Can inference be run on consumer hardware?
GrahamboJangles opened this issue · 8 comments
AMD? CPU? Single GPU?
Is this all possible via FastChat?
@GrahamboJangles It is already in FastChat. https://github.com/lm-sys/FastChat#longchat
We currently test it in A100 single GPU and it works pretty well. We are adding more support to let it run more efficiently. Let me know whether it works for your hardware, and we can improve the system support!
@DachengLi1 I have 2 RX6800s, I'm guessing that they are not yet supported?
Regarding RX Series, please see the discussion here. The inference is backed by FastChat, and it seems people can AMD card working. Can you run (there is no load-8-bit yet):
python3 -m fastchat.serve.cli --model-path lmsys/longchat-7b-16k
and let me know if it works for you? Also feel free to submit an issue in FastChat regarding this.

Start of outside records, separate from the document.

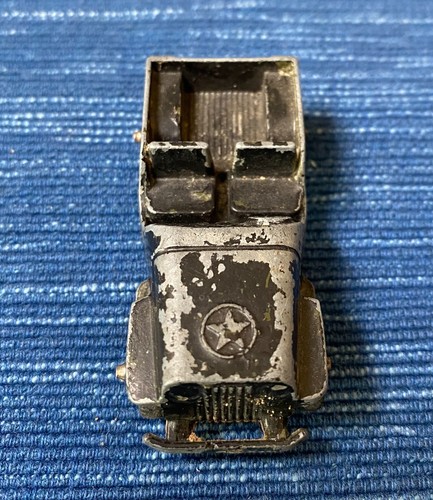 Vtg Tootsietoy Black Army Jeep Vehicle Tootsie Toy Chicago Diecast Military 15B - Foto 1 di 4
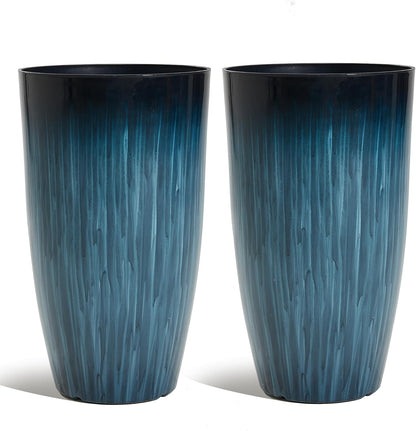Worth Garden 20" H. Large Plastic Planters - Set of 2 Gradient Blue Glossy Smooth Finish - Tall
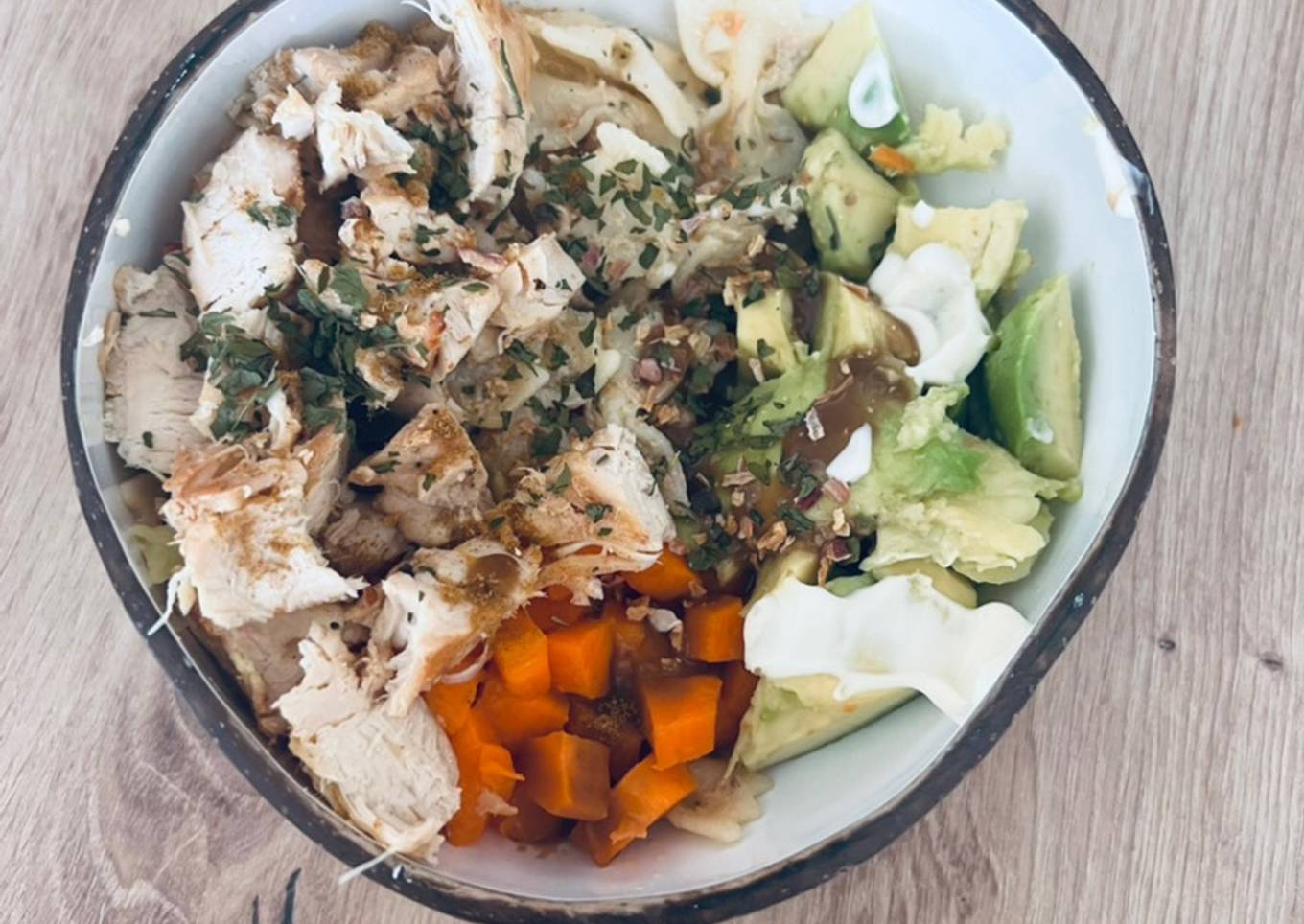 Bowls Poulet Avocat Pâtes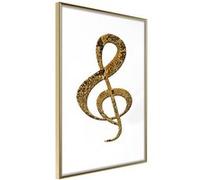 Affiche Murale Encadrée "Golden Treble Clef" 40 x 60 cm Or Multicolore G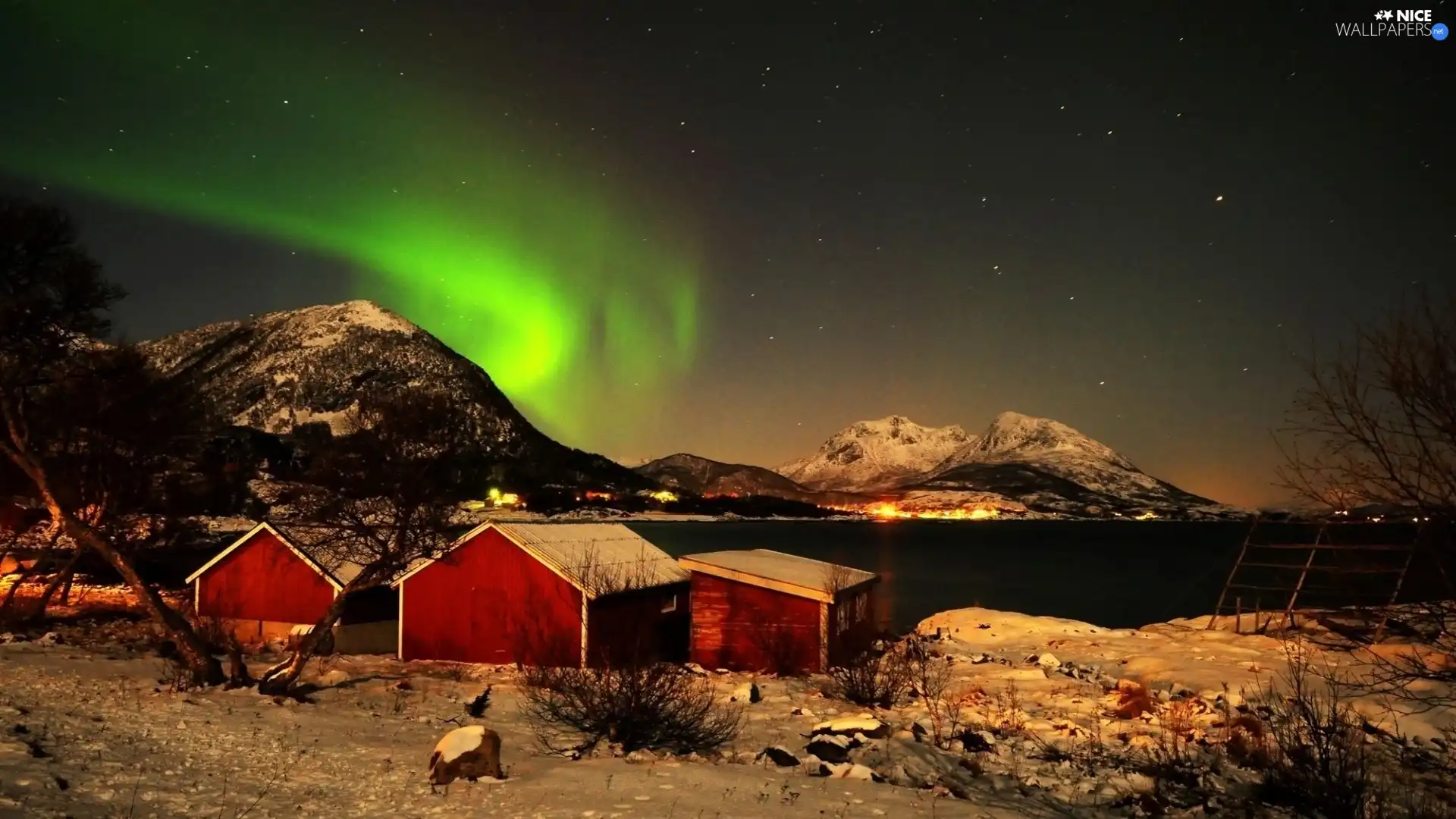 house, winter, Polaris, Mountains, dawn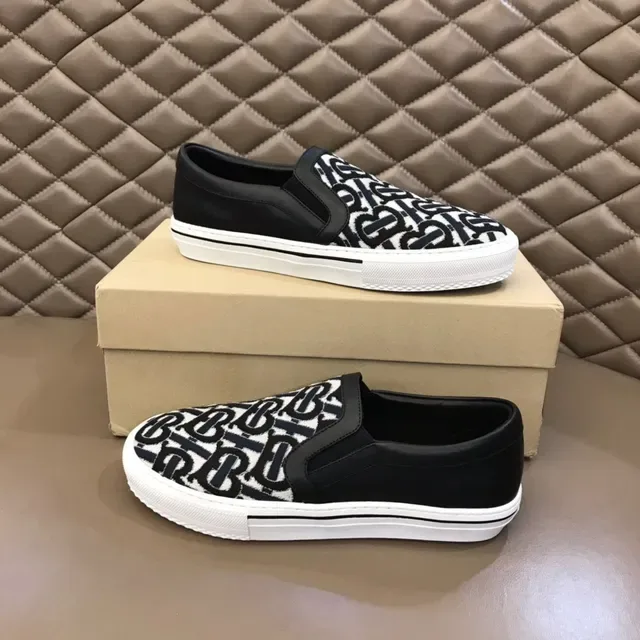 Black and White Monogram Slip-On Lifestyle Sneakers 7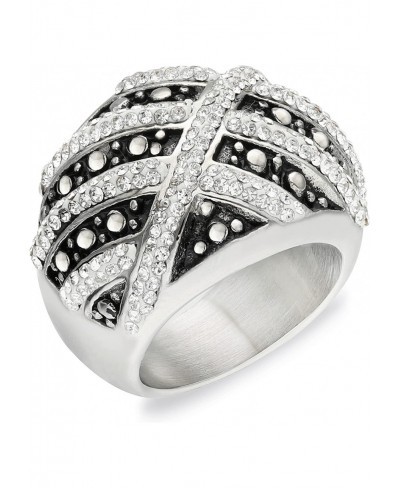 Ring for Women Big Preppy with Simulated Diamond CZ Luxury Stainless Steel Model with Rightstones $5.95 Statement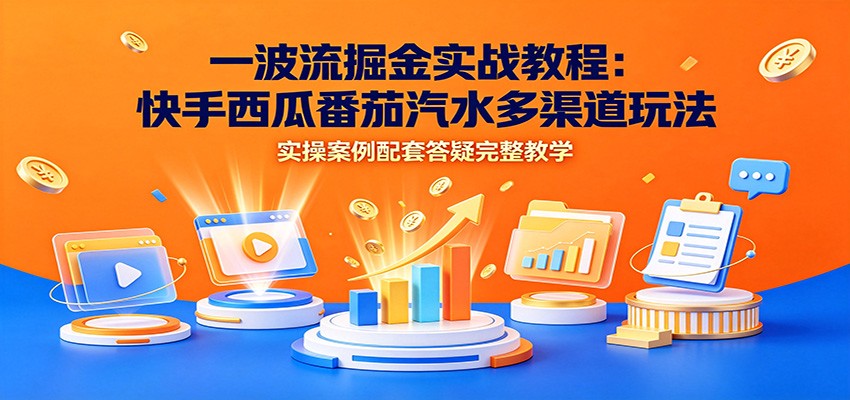 一波流掘金实战教程：快手西瓜番茄汽水多渠道玩法，实操案例配套答疑完整教学-选优云网创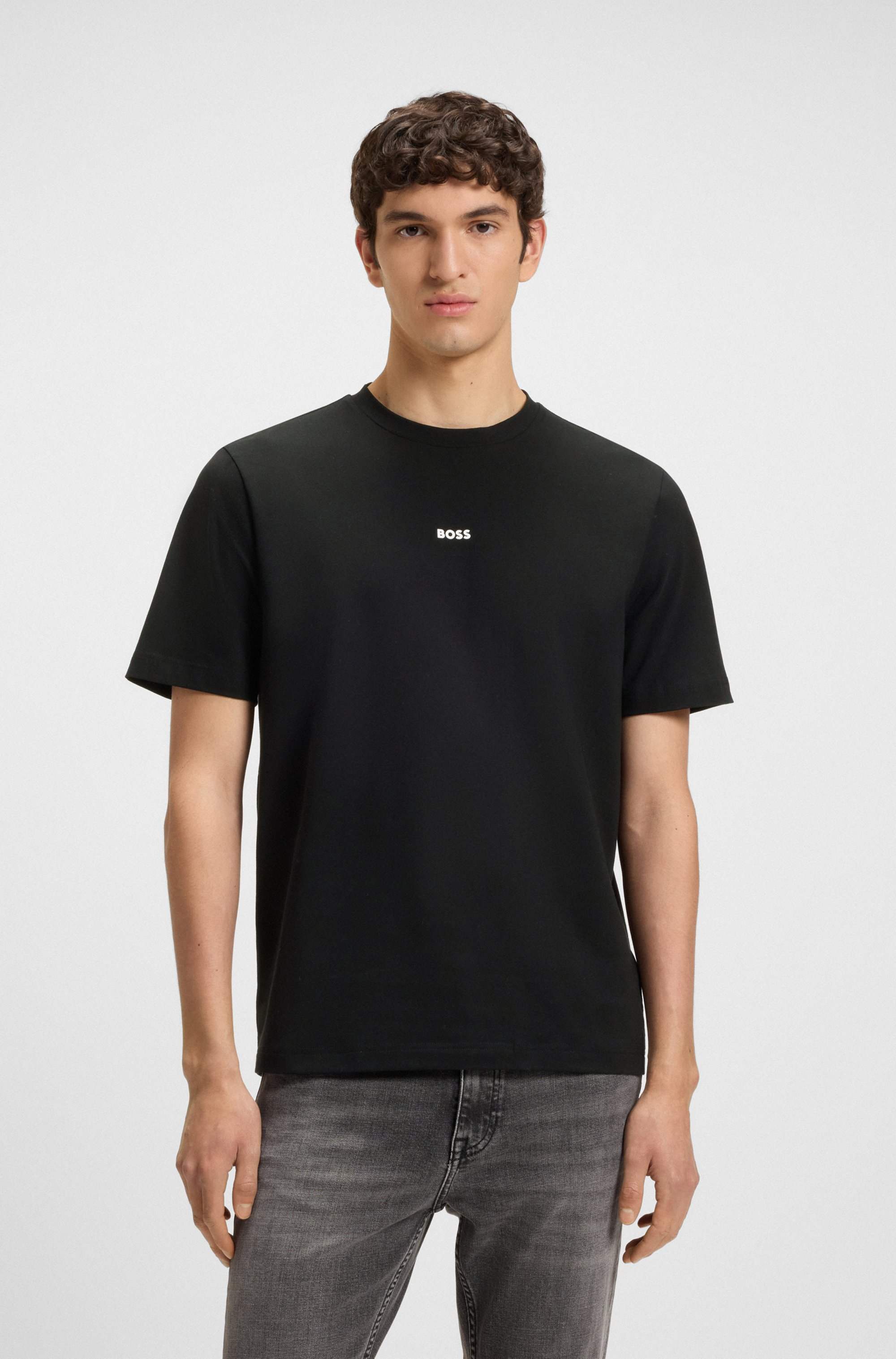 Stretch-cotton T-shirt with logo print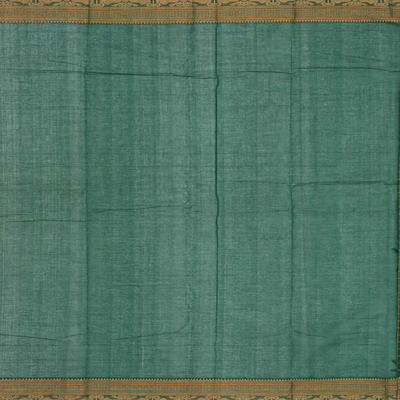 Dark Green Handloom Kanchi Cotton Saree With Checks & Chakaram Motifs.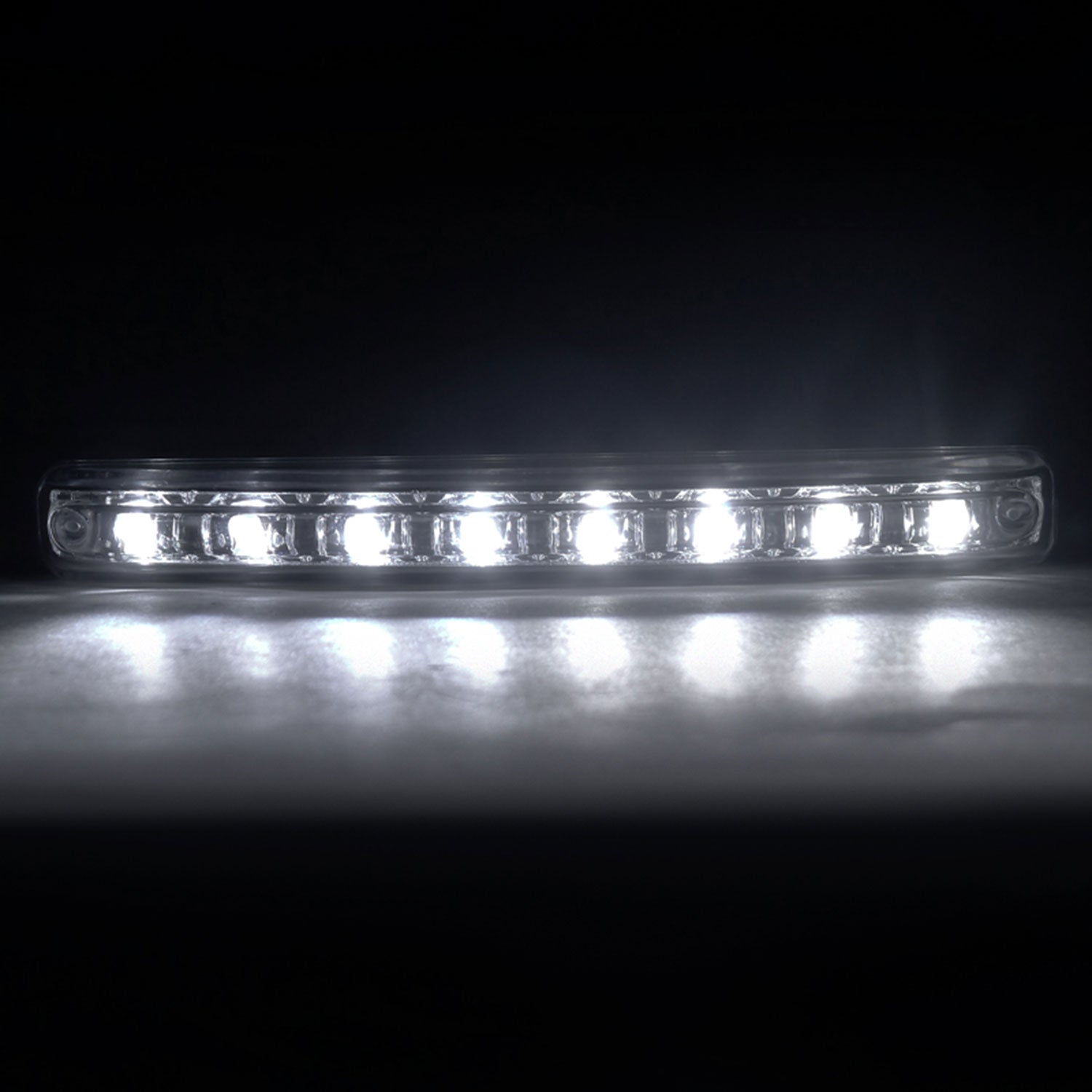 Universal 4W 8 LED 6000K Daytime Running Lights Chrome Housing/Clear Lens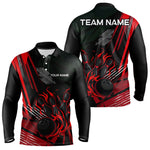 Maxxcorners Black and Red Flame Bowling Polo, Quarter Zip Shirts For Men Custom Bowling Outfit Team Jerseys MT0307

@DachengLi1 thank you for your help and quick responses.
I ran that command and this was the output:
python -m fastchat.serve.cli --model-path longchat-7b-16k
Traceback (most recent call last):
File "E:\Coding_and_Scripting\Pyhon3.10.4\lib\site-packages\transformers\utils\import_utils.py", line 1146, in _get_module
return importlib.import_module("." + module_name, self.__name__)
File "E:\Coding_and_Scripting\Pyhon3.10.4\lib\importlib\__init__.py", line 126, in import_module
return _bootstrap._gcd_import(name[level:], package, level)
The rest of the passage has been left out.